| Leeds Rhinos | Warrington Wolves |
| 6 | 30 |
|  | 1 | 2 | Total |
| LEE | 0 | 6 | 6 |
| WAR | 14 | 16 | 30 |
- Date: 28 August 2010
- Stadium: Wembley Stadium, London
- Location: London, United Kingdom
- Harry Sunderland Trophy: Lee Briers
- God Save The Queen and Abide with Me: Camilla Kerslake
- Referee: Richard Silverwood
- Attendance: 85,217

Broadcast partners
- Broadcasters: BBC One;

= 2010 Challenge Cup final =

Rugby league match in the United Kingdom

The 2010 Challenge Cup Final was the 109th cup-deciding game of the rugby league 2010 Challenge Cup Season. It was held at Wembley Stadium in London on 28 August 2010, kick off 14:30. The final was contested by the Leeds Rhinos and the Warrington Wolves. The game saw Warrington beat Leeds by 30 points to 6.

==Route to the final==
===Leeds Rhinos===
Leeds Rhinos were drawn Super League side Hull F.C. in the fourth round, winning the match and progressing to beat third-tier side Blackpool Panthers in what would be their final year of existence. The quarter finals saw the Rhinos beat eventual league champions who they had previously lost to both times in the league. The semi-finals also saw Leeds beat St Helens who came second in this season's league.

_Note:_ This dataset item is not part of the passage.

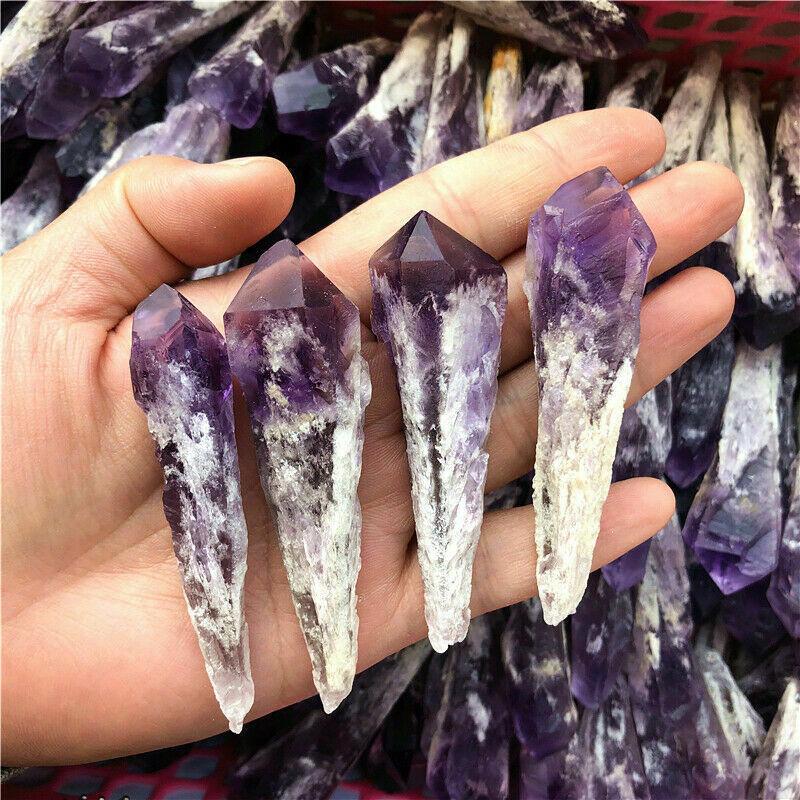 Quartz Amethyst Natural Crystal Wand Point Specimen Healing Home Decor Gift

| Round | Opposition | Score |
|---|---|---|
| 4th | Hull F.C. (A) | 48–24 |
| 5th | Blackpool Panthers (H) | 70–22 |
| QF | Wigan Warriors (H) | 12–20 |
| SF | St Helens (N) | 32–28 |

===Warrington Wolves===
Warrington Wolves were drawn Championship side Featherstone Rovers in the fourth round, progressing to thrash Huddersfield Giants in the fifth round. Warrington faced Bradford Bulls in the quarter finals, winning by four points, before another comfortable victory over bottom of the league Catalans Dragons.

| Round | Opposition | Score |
|---|---|---|
| 4th | Featherstone Rovers (A) | 48–24 |
| 5th | Huddersfield Giants (A) | 60–4 |
| QF | Bradford Bulls (A) | 26–22 |
| SF | Catalans Dragons (N) | 54–12 |

==Pre-match==
This game marked the second time these sides had faced each other in the Challenge Cup Final after the 1935–36 edition where Leeds Rhinos won 18–2. At 12:35 the Schools Champions Final between Dowdales School in Dalton-in-Furness and Temple Moor High School in Leeds would occur before the main event. English singer Camilla Kerslake would also perform before the final, having previously performed at the League Cup Final earlier in the year. She sang her own music as well as The National Anthem and Abide with Me, the official anthem of the Challenge Cup and FA Cup Final.

==Match details==

| Leeds Rhinos | Posit. | Warrington Wolves | |
| 1 Brent Webb | FB | FB | 1 Richard Mathers |
| 28 Lee Smith | CE | LW | 5 Chris Hicks |
| 3 Brett Delaney | CE | RC | 3 Matt King |
| 4 Keith Senior | CE | C | 23 Ryan Atkins |
| 5 Ryan Hall | WG | RW | 2 Chris Riley |
| 6 Danny McGuire | WG | SO | 6 Lee Briers |
| 7 Rob Burrow | SH | HK | 9 Michael Monaghan |
| 12 Ali Lauiti'iti | SR | PR | 8 Adrian Morley (c) |
| 9 Danny Buderus | HK | HK | 15 Jon Clarke |
| 16 Ryan Bailey | PR | PR | 10 Garreth Carvell |
| 21 Chris Clarkson | SR | SR | 11 Louis Anderson |
| 11 Jamie Jones-Buchanan | SR | SR | 12 Ben Westwood |
| 13 Kevin Sinfield (c) | LF | LF | 13 Ben Harrison |
| 14 Matt Diskin | Int. | 16 Paul Wood | |
| 15 Greg Eastwood | Int. | 26 David Solomona | |
| 17 Ian Kirke | Int. | 14 Mickey Higham | |
| 18 Carl Ablett | Int. | 27 Vinnie Anderson | |
| Brian McClennan | Coach | Tony Smith | |

==Post match==

Following the match, the RFL announced the game was the first sell out Challenge Cup Final since it return to the new Wembley Stadium following the stadium completion in 2007.